*YOUR OBJECTIVE*: Print each entry in full, word for word, with no pictures in the result.
━━ RAW DATA
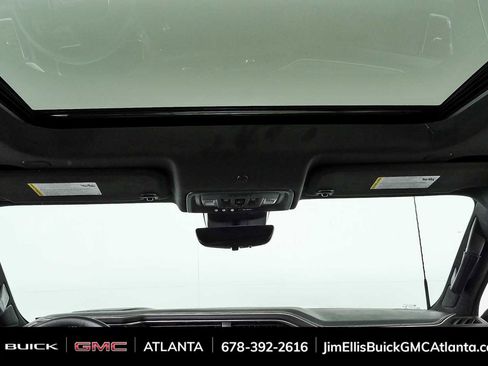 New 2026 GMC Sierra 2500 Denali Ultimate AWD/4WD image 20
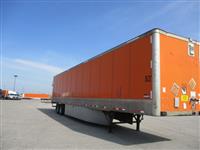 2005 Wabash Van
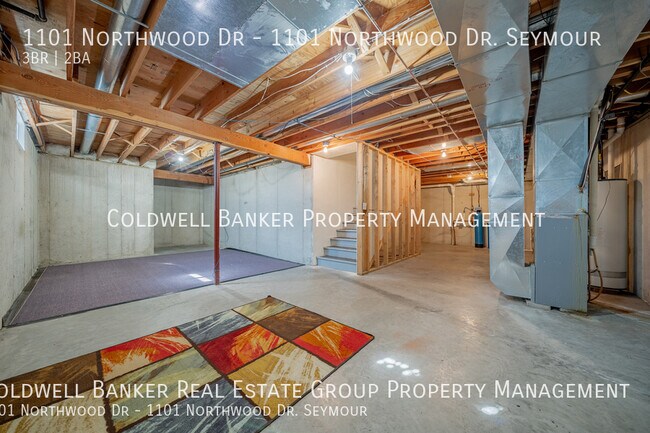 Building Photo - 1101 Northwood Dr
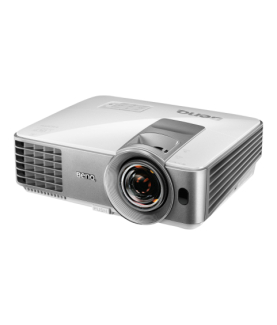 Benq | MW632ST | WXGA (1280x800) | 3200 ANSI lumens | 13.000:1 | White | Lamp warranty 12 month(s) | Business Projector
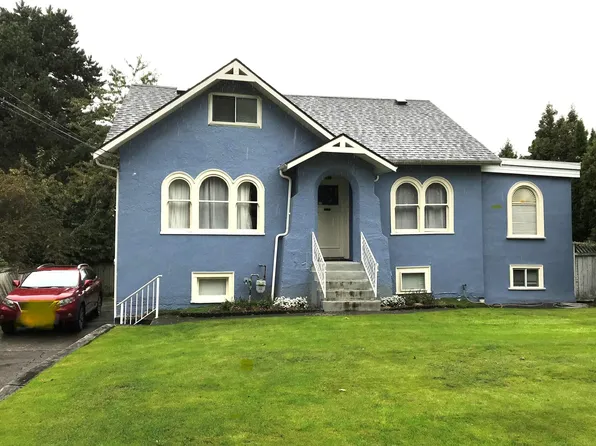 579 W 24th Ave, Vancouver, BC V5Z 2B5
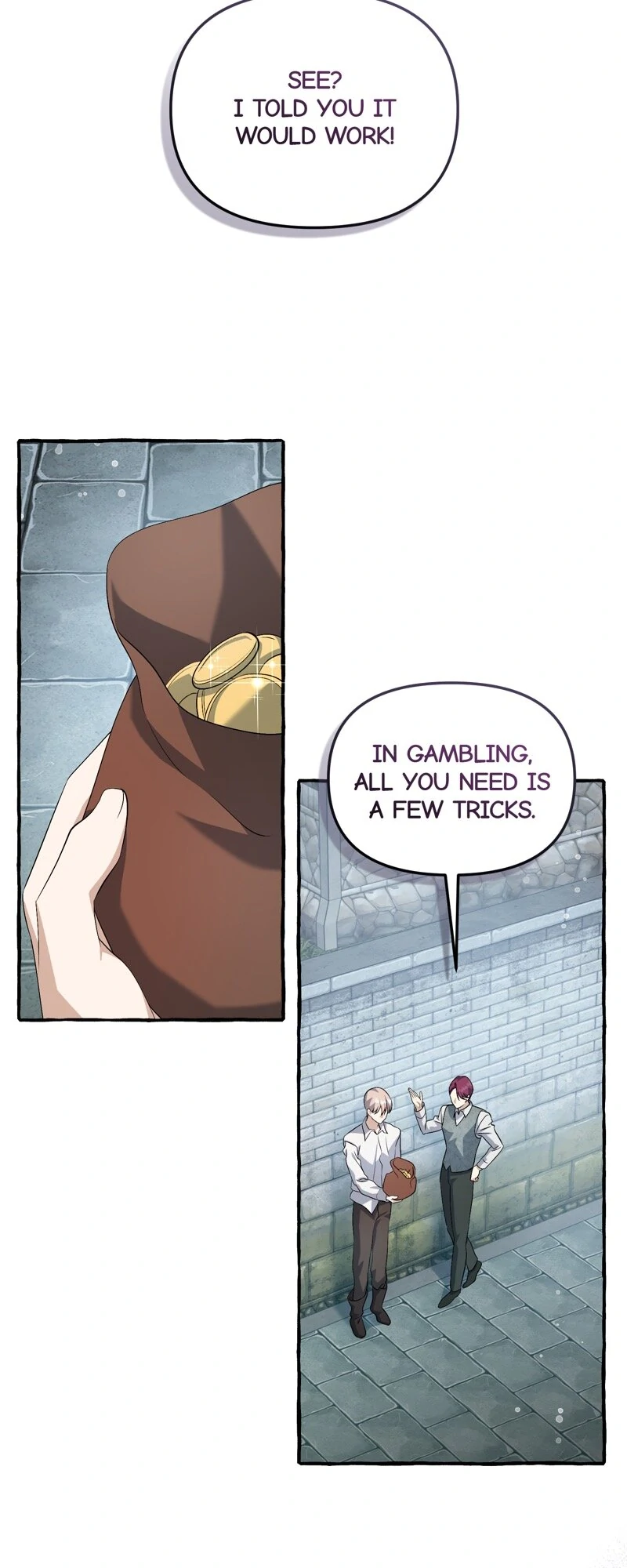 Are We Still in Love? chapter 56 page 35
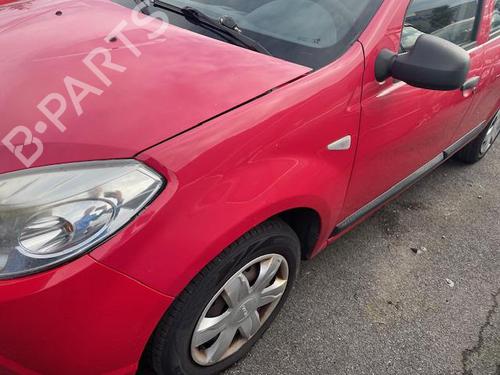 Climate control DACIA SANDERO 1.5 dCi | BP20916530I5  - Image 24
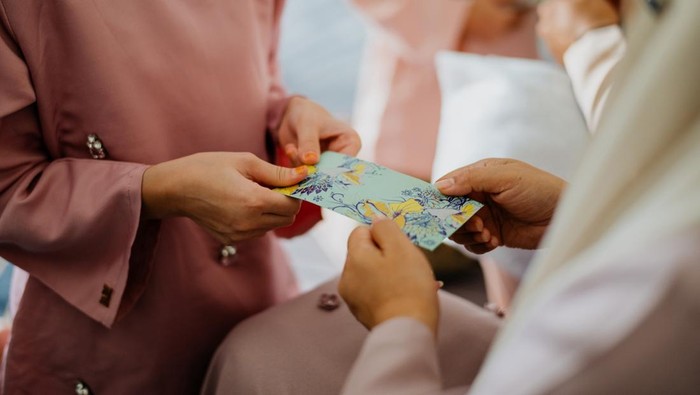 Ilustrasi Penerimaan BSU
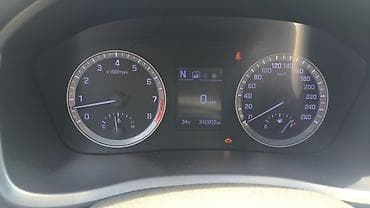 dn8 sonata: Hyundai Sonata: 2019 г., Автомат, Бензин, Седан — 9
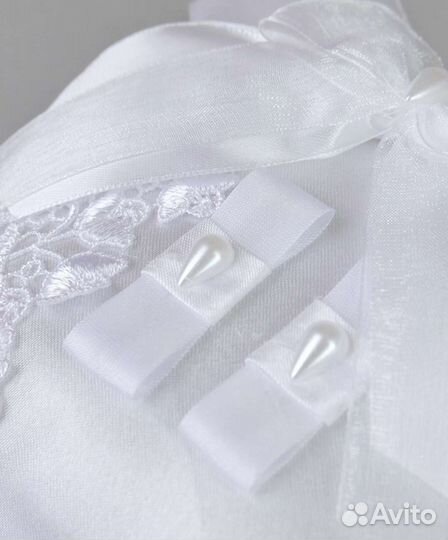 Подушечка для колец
━━━━
*ANSWER TO THE EXERCISE*:
 New 2026 GMC Sierra 2500 Denali Ultimate AWD/4WD image 20
 2005 Wabash Van
 Building Photo - 1101 Northwood Dr
 Benq | MW632ST | WXGA (1280x800) | 3200 ANSI lumens | 13.000:1 | White | Lamp warranty 12 month(s) | Business Projector
 579 W 24th Ave, Vancouver, BC V5Z 2B5
 Are We Still in Love? chapter 56 page 35
 Climate control DACIA SANDERO 1.5 dCi | BP20916530I5  - Image 24
 Ilustrasi Penerimaan BSU
 dn8 sonata: Hyundai Sonata: 2019 г., Автомат, Бензин, Седан — 9
 Подушечка для колец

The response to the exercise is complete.